• Short descriptive text snippets:
********************
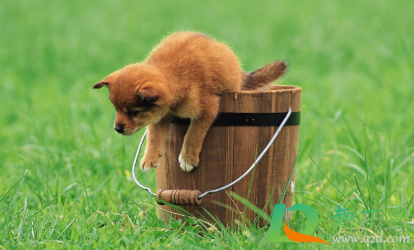 狗狗咬破皮肤表层要打针吗(狗咬到皮肤没破要打针吗)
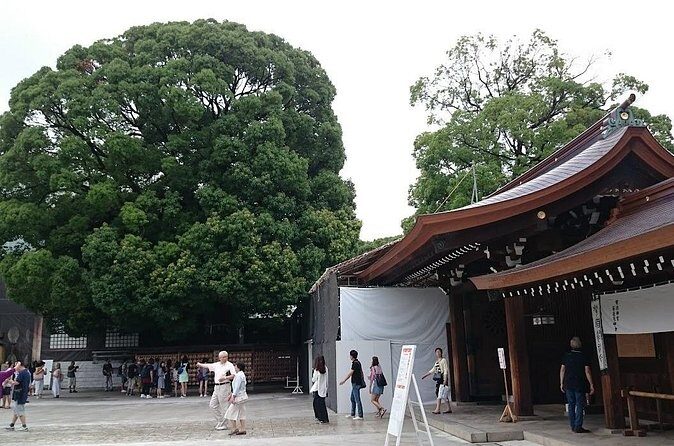 Tokyo Shrine Cultural Walks - Final Thoughts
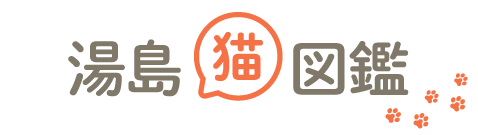 湯島猫図鑑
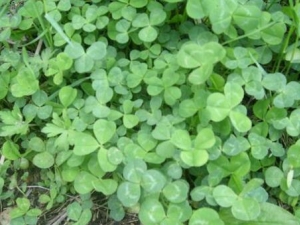 ������Ĺ�Ч������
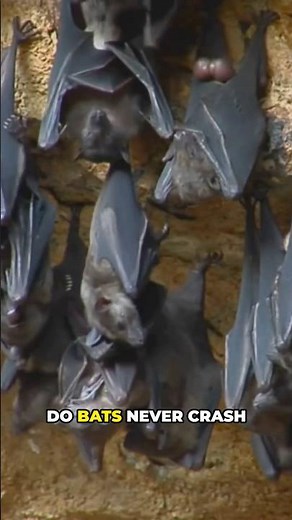 How does a bat navigate at night?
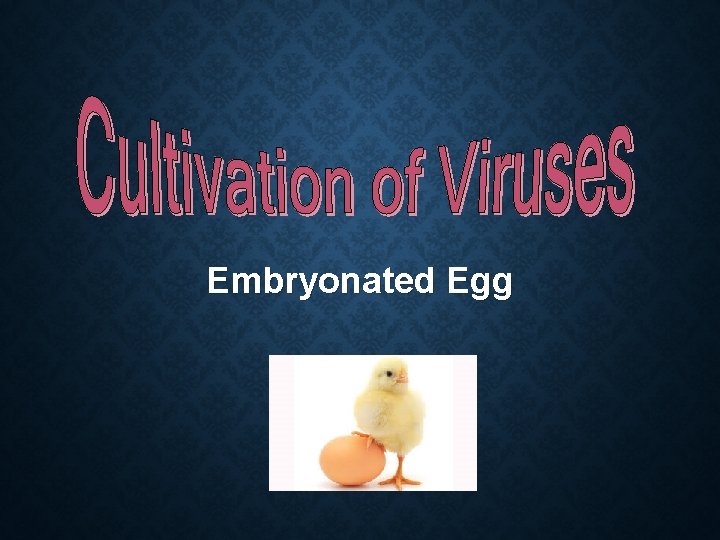 Embryonated Egg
********************
Your copy should hold exactly the lines from the one that contains "How does a bat navigate at night?" through the final line of the data, both ends included, and no pictures.

• EXERCISE ANSWER:
 How does a bat navigate at night?
 Embryonated Egg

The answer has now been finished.